* _DIRECTIONS_
Everything below from the line with "Reflektionen unter grauem" through the line with "Men's Street Depressed" must be retyped exactly, except the pictures.

* _MATERIAL SHOWN_
◆ ◆ ◆ ◆

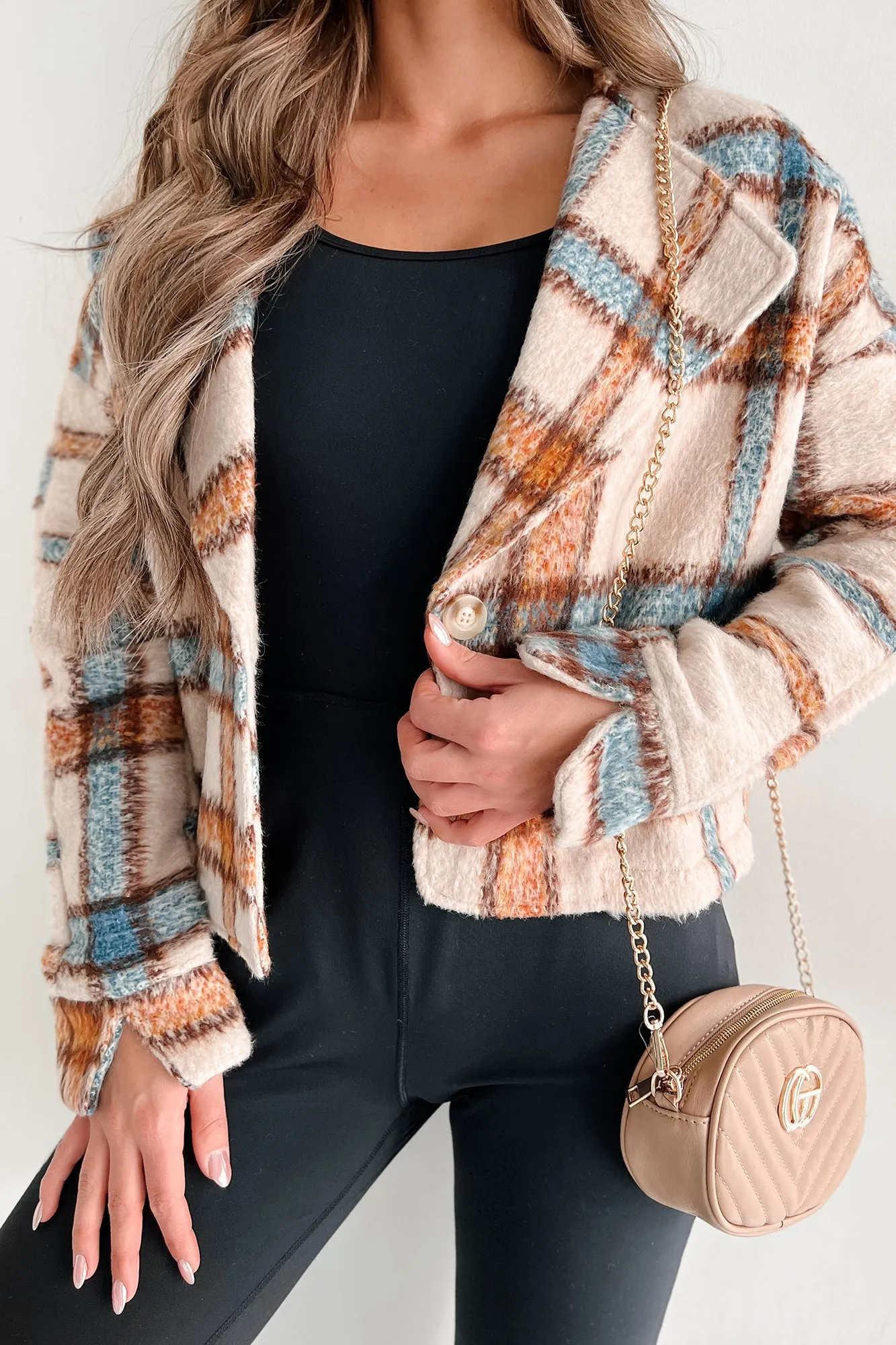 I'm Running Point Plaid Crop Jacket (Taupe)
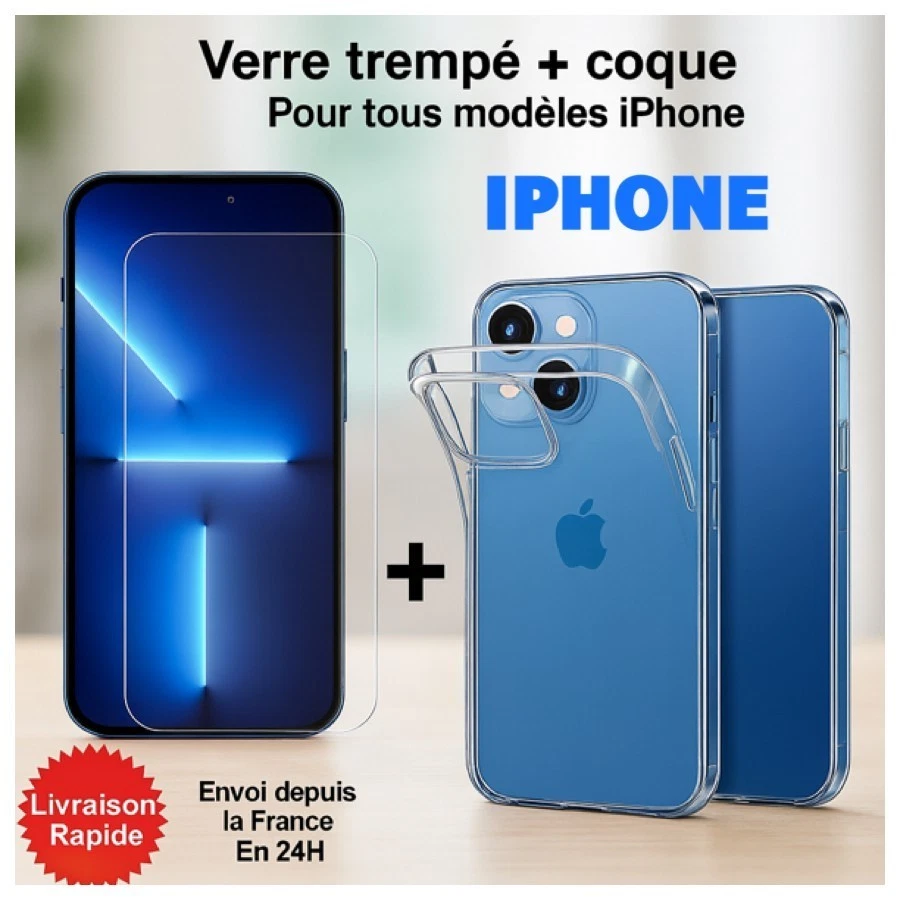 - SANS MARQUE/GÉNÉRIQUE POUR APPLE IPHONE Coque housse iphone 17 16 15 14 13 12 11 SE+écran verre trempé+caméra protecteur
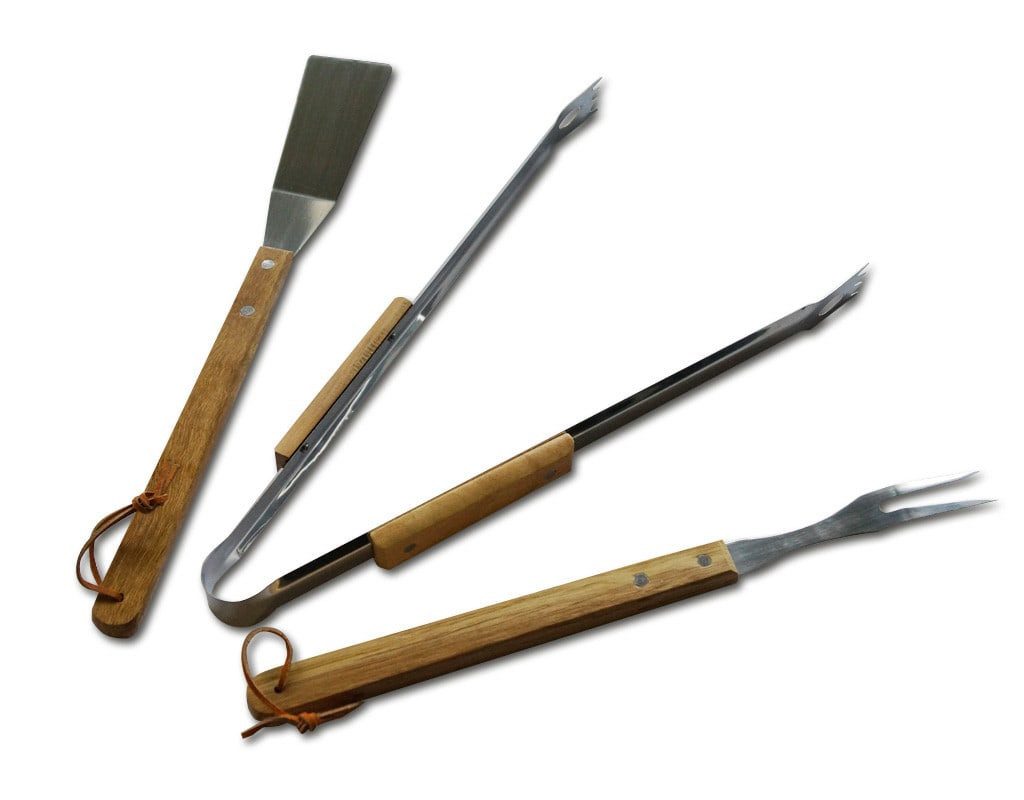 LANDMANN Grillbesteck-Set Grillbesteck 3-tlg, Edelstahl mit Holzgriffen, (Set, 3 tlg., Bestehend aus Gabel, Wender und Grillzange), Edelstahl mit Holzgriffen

◆ ◆ ◆ ◆

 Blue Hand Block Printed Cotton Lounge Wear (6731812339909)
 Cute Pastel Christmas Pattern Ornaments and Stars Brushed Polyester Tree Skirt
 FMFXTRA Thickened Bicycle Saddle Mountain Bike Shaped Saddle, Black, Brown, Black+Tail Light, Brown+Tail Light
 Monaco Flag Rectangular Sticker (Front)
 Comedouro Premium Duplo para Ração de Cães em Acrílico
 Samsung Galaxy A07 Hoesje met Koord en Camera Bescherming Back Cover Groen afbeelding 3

◆ ◆ ◆ ◆

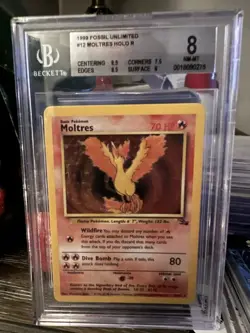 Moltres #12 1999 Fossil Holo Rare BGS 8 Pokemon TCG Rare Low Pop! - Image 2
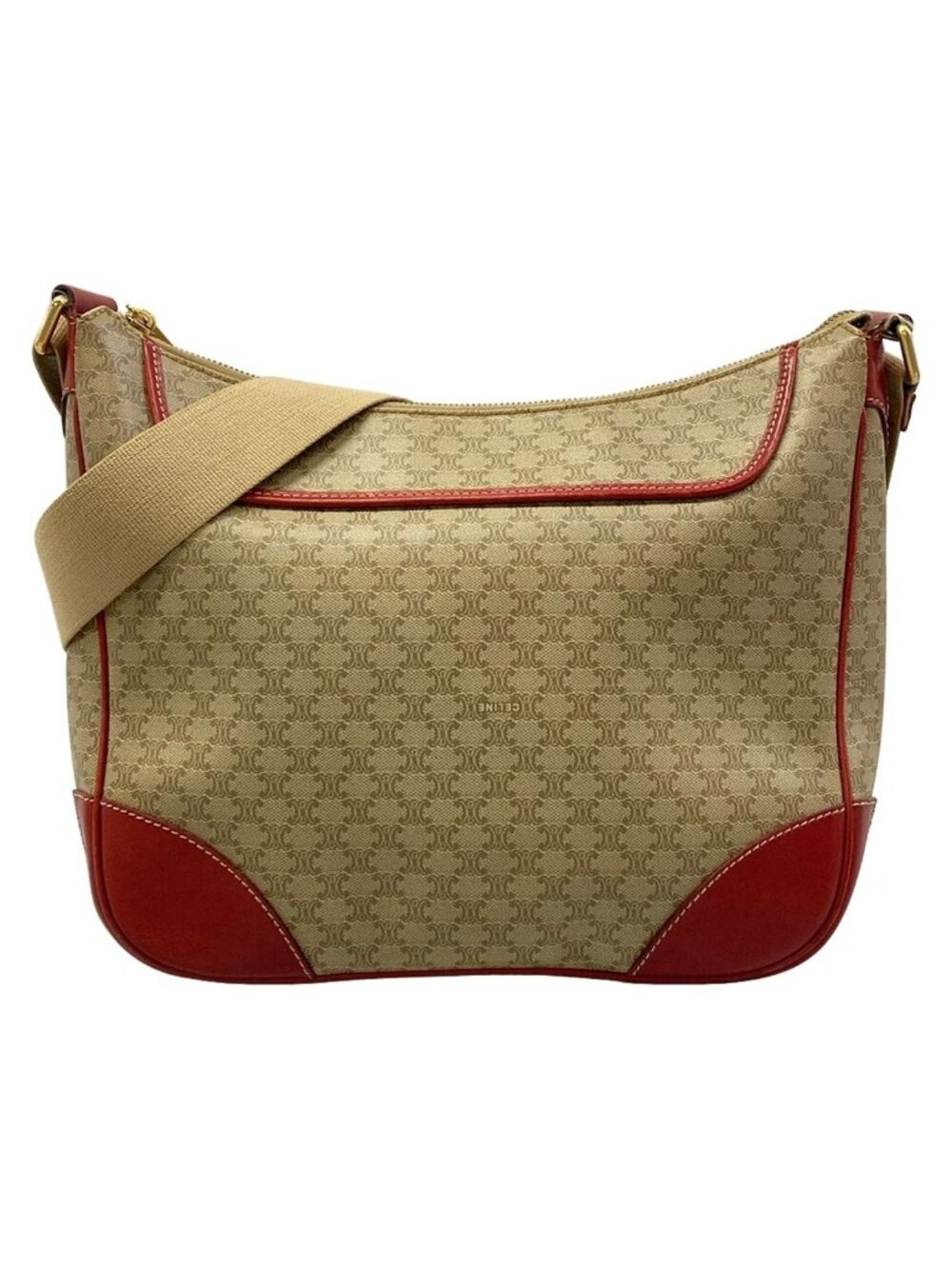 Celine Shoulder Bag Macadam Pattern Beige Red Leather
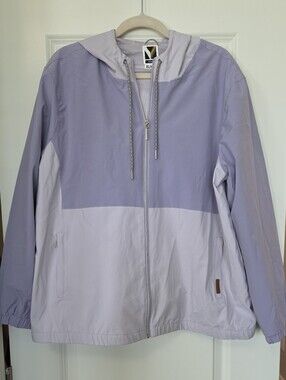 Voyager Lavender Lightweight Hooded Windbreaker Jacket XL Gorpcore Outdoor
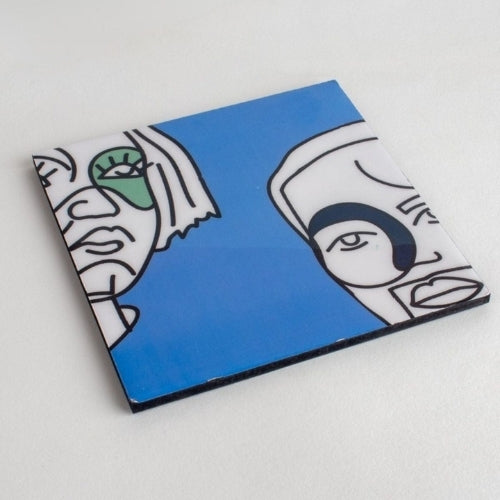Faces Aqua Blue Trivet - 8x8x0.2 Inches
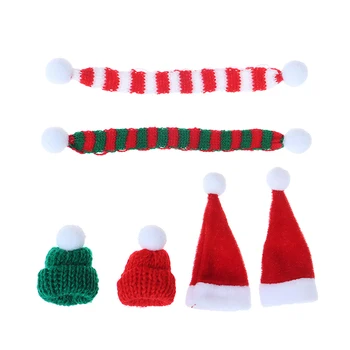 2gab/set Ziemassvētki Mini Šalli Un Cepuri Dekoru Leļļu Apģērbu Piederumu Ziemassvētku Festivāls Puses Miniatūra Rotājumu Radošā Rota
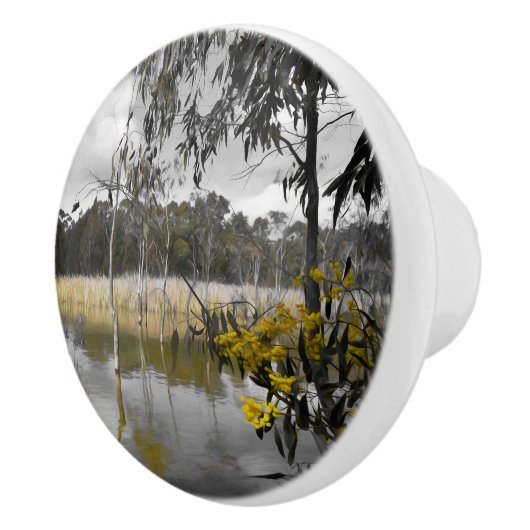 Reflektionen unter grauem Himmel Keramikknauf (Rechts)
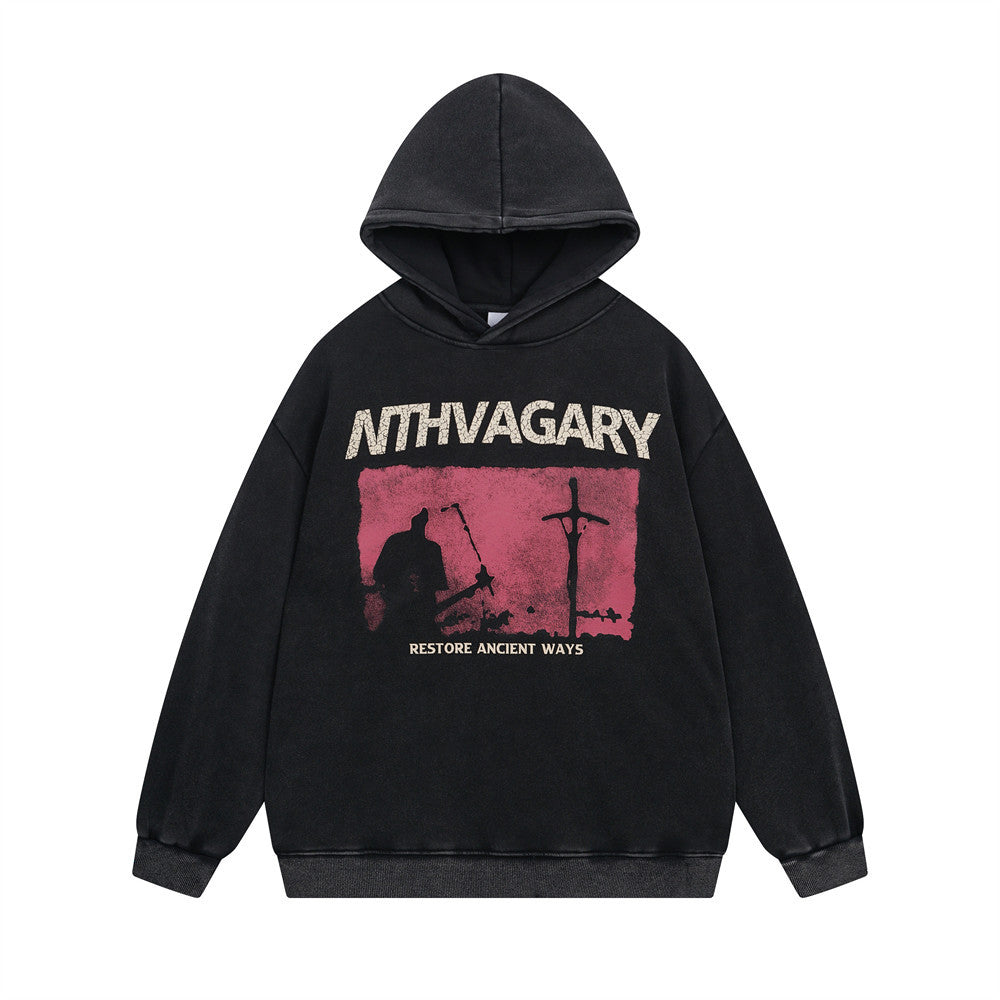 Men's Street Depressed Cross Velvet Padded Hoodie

◆ ◆ ◆ ◆

* _RESULT FOR THIS TASK_
 Reflektionen unter grauem Himmel Keramikknauf (Rechts)
 Men's Street Depressed Cross Velvet Padded Hoodie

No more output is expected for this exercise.